When companies benefit from market share gain

  by Nigel Hollis

So last week I posted about portfolio momentum as described in “The Granularity Of Growth” and mentioned that share gain only accounted for a measly four per cent of compound revenue growth for large companies across a five year time frame. But why is that, and when do companies benefit from share growth?

One of the reasons that share gain was found not to account for more revenue growth is a function of the time frame used. A company may make share gains in a category, but then the competition fights back and the share gain is erased. As suggested in this post, a large part of the marketing job is to hold onto share gains once they are achieved. The Granularity of Growth analysis found share gain made up 26 per cent of differences in growth performance across an average year.

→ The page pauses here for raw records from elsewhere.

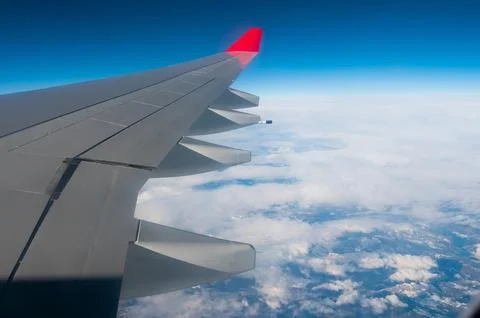 View from the window on the wing of the plane Stock Photos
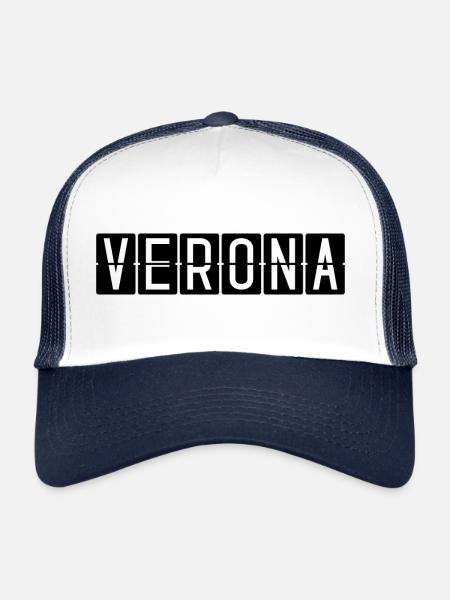 Verona Airport Sign - Trucker Cap - white/navy - Front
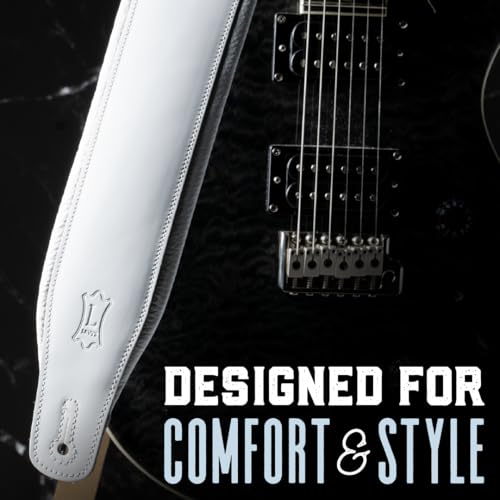 Black 3" Wide Leather Guitar Strap with Foam Padding T793838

“The Granularity of Growth” reports that only about one in ten companies achieved substantial share gain. For these winners share gain made up 6 to 20 per cent of annual revenue growth. Looking at the causes for success finds that those of you who think growing salience is the key to brand growth better think again. Referencing the top 15 share gainers the authors state,

“One thing stood out: they’ve all made good big choices – strong commitments to create distinctive (and possibly disruptive) business models – on the basis of insights or distinctive advantages.”

While I might have used the word “differentiating” rather than distinctive (see this Point of View about how the two qualities are different but complementary) this is very similar to what we see at a brand level. Well-differentiated brands tend to be the ones that grow faster over the longer-term, provided they can become meaningful and salient to new customers.

The big question for me is whether a distinctive advantage can be afforded by marketing alone or do brands need some structural advantage to ensure share gain? The examples cited in “The Granularity of Growth” focus on supply chain, specialty skills, affordable prices, cross-selling and new technology. But I would argue that Subaru managed to achieve sustained and profitable share growth without dramatic changes in its product line-up. Good marketing helped make sure that people were predisposed to choose a brand that stood out from the crowd. And when it comes to categories like beer marketing, it is one of the few growth levers available.